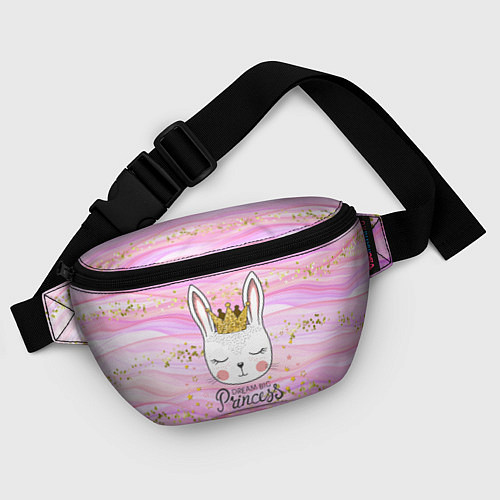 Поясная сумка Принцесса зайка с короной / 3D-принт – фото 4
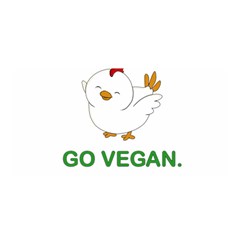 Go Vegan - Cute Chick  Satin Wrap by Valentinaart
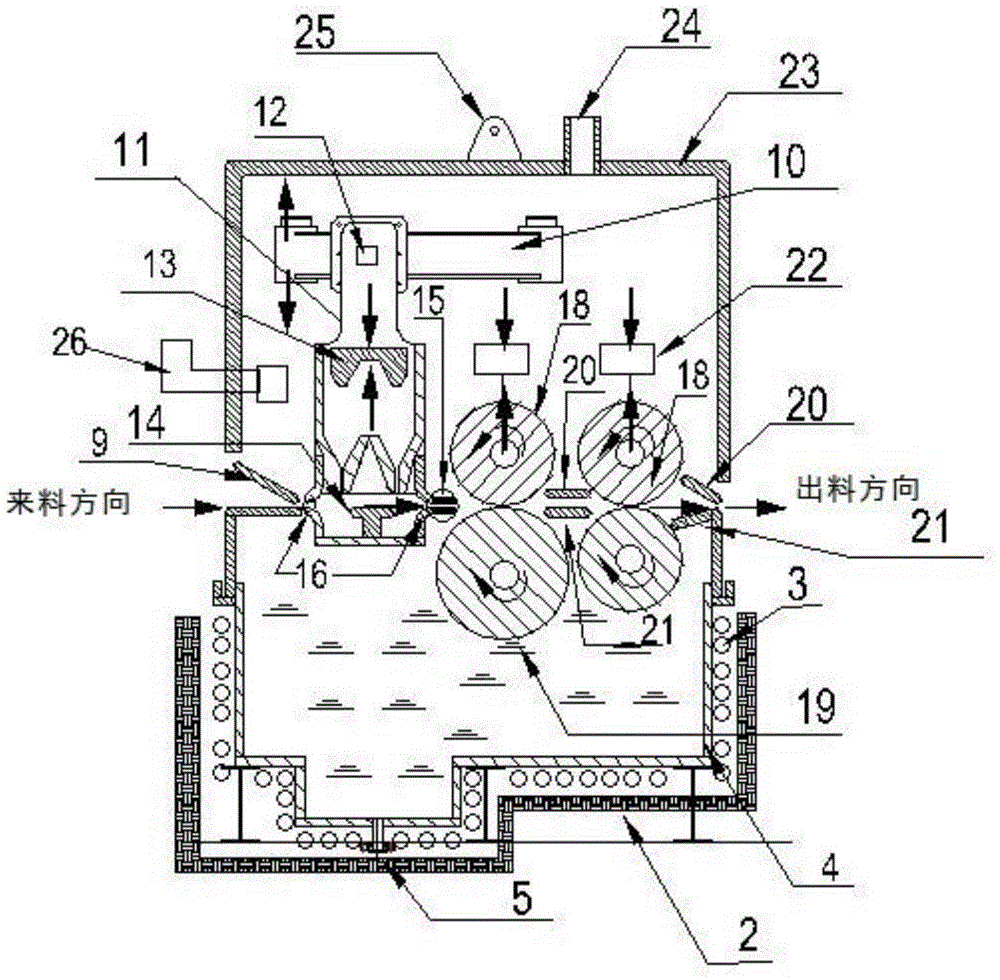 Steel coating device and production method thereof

* * *

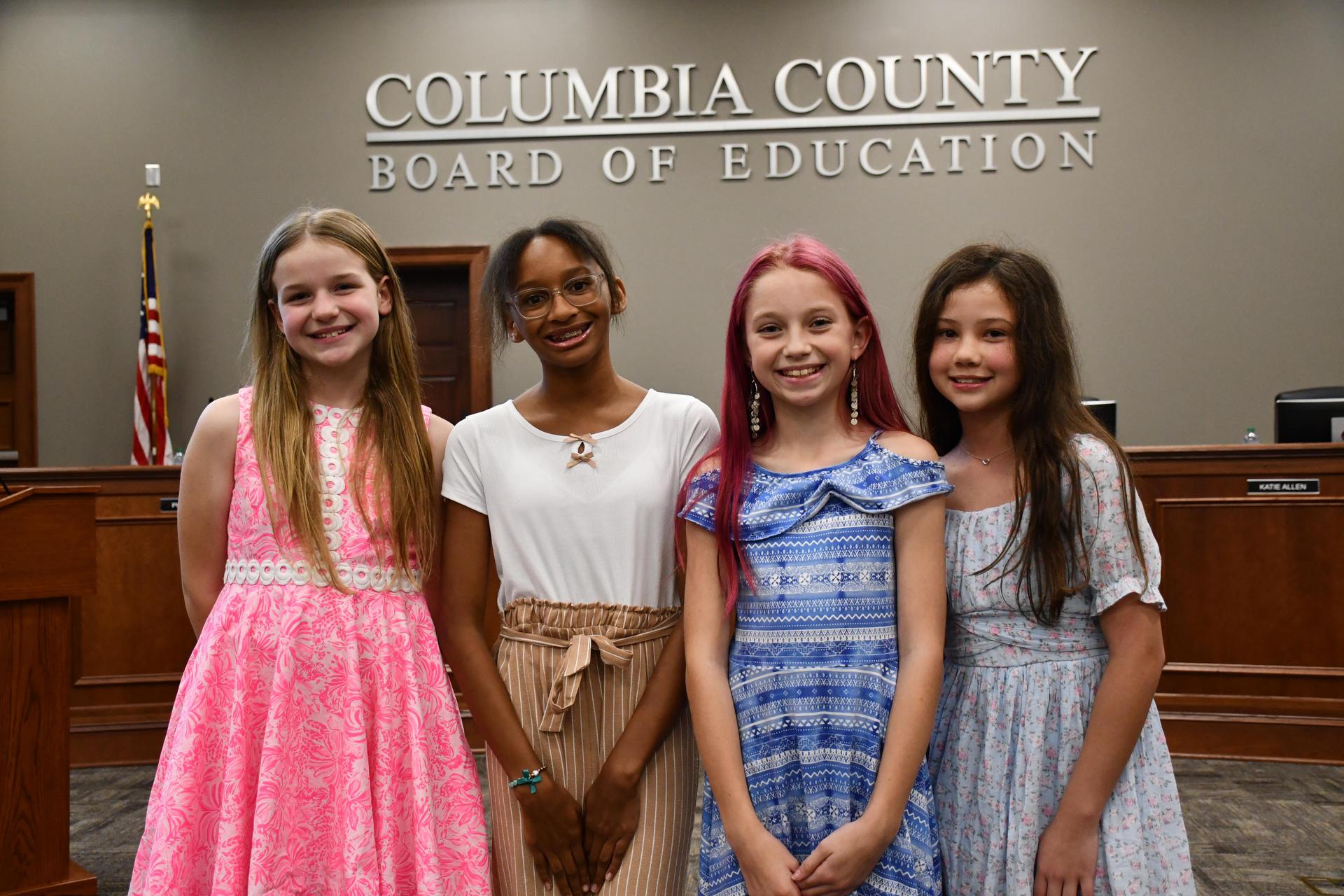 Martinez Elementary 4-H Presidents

**TASK TO COMPLETE**
Copy the lines above exactly, starting at the one with "Поясная сумка Принцесса" and ending at the one with "Steel coating device", both included. Leave out any pictures and add nothing else.

**ANSWER**
 Поясная сумка Принцесса зайка с короной / 3D-принт – фото 4
 Go Vegan - Cute Chick  Satin Wrap by Valentinaart
 Steel coating device and production method thereof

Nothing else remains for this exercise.